# WORK INSTRUCTIONS
Repeat the listing verbatim. Drop any pictures.
DATA BELOW START
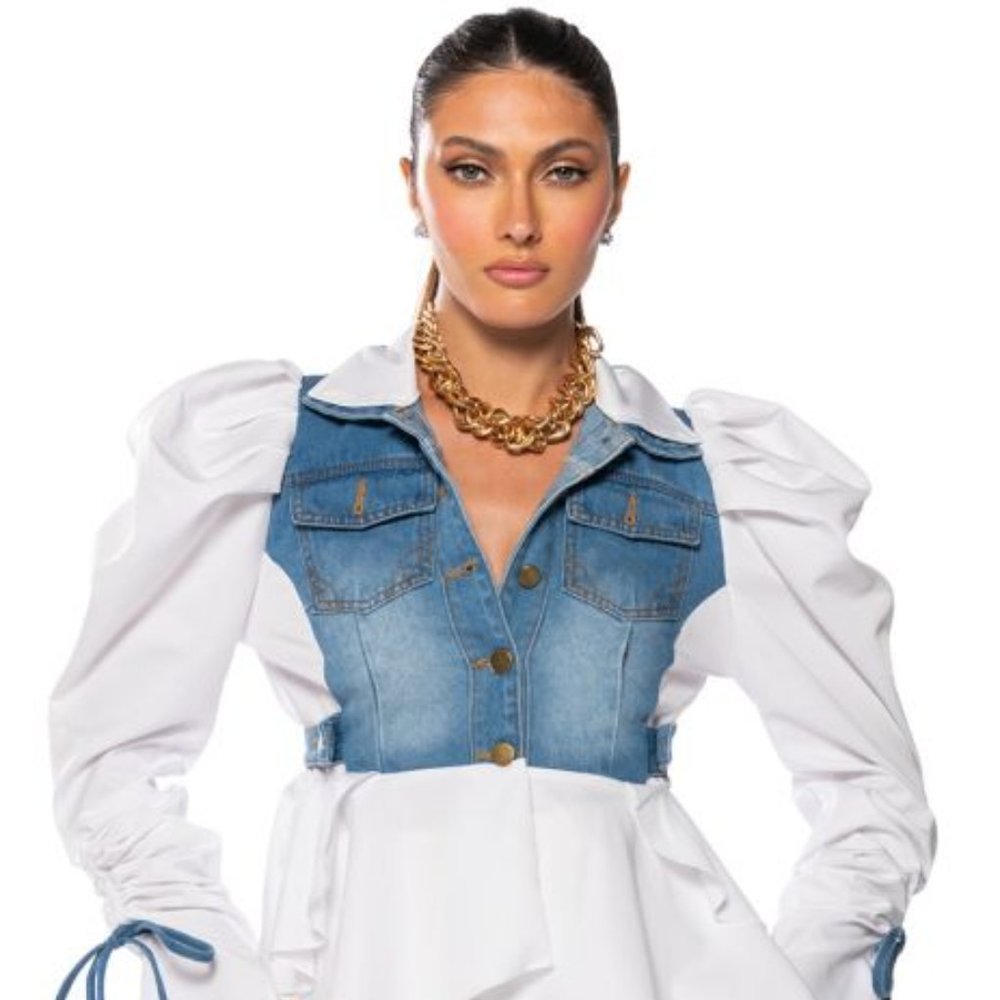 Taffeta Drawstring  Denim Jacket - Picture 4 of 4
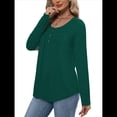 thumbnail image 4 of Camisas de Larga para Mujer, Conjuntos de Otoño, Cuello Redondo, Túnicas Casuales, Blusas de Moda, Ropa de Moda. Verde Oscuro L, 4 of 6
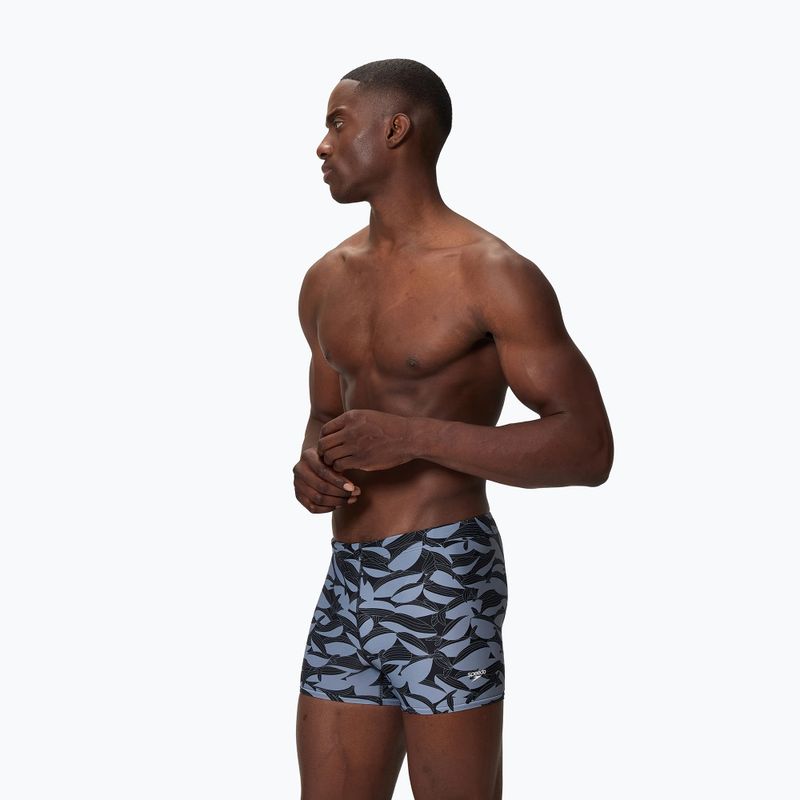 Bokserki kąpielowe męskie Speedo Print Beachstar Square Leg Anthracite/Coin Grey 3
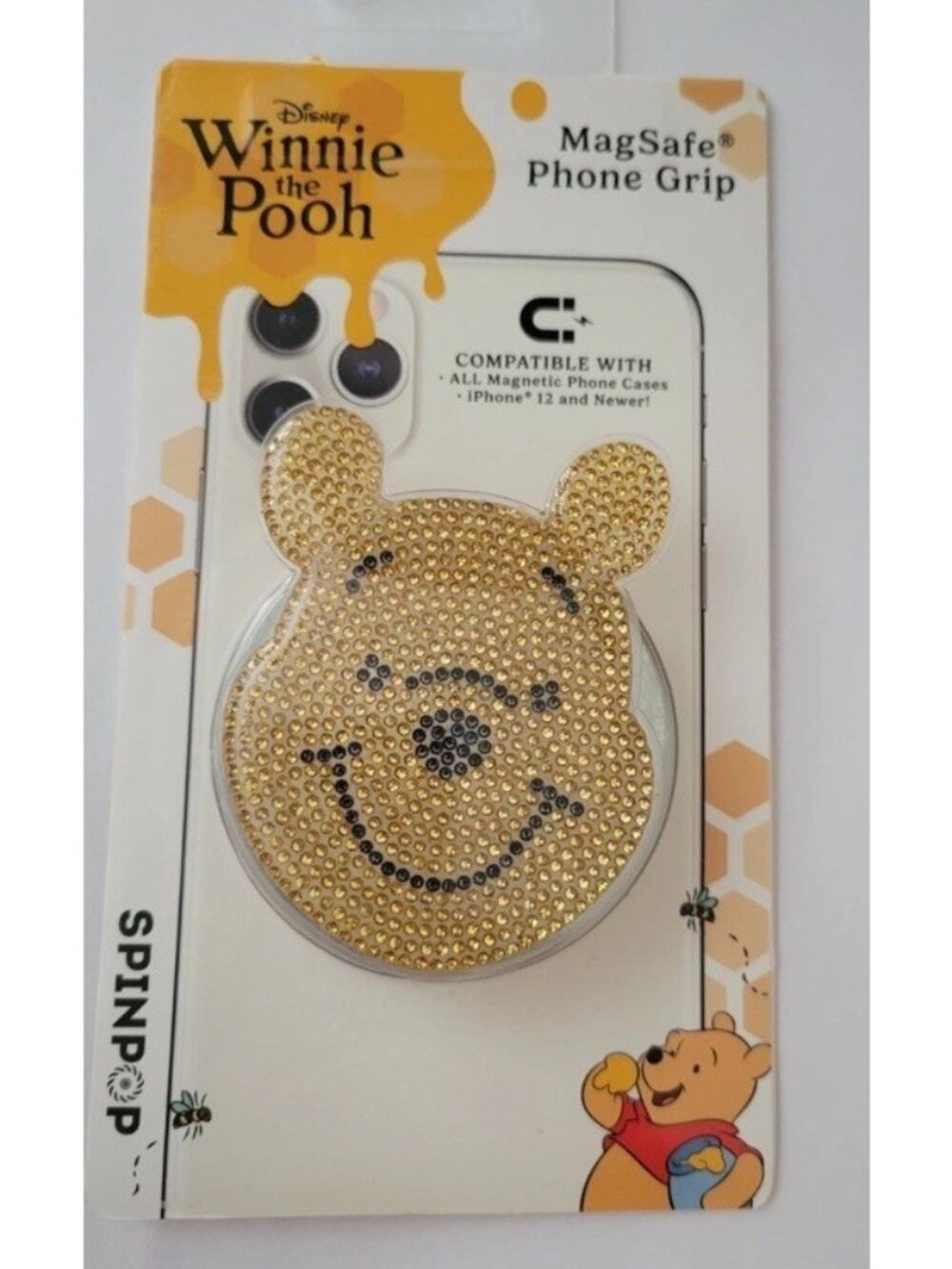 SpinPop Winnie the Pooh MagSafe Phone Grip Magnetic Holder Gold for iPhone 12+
DATA BELOW END
# OUTPUT OF THE EXERCISE
 Taffeta Drawstring  Denim Jacket - Picture 4 of 4
 thumbnail image 4 of Camisas de Larga para Mujer, Conjuntos de Otoño, Cuello Redondo, Túnicas Casuales, Blusas de Moda, Ropa de Moda. Verde Oscuro L, 4 of 6
 Bokserki kąpielowe męskie Speedo Print Beachstar Square Leg Anthracite/Coin Grey 3
 SpinPop Winnie the Pooh MagSafe Phone Grip Magnetic Holder Gold for iPhone 12+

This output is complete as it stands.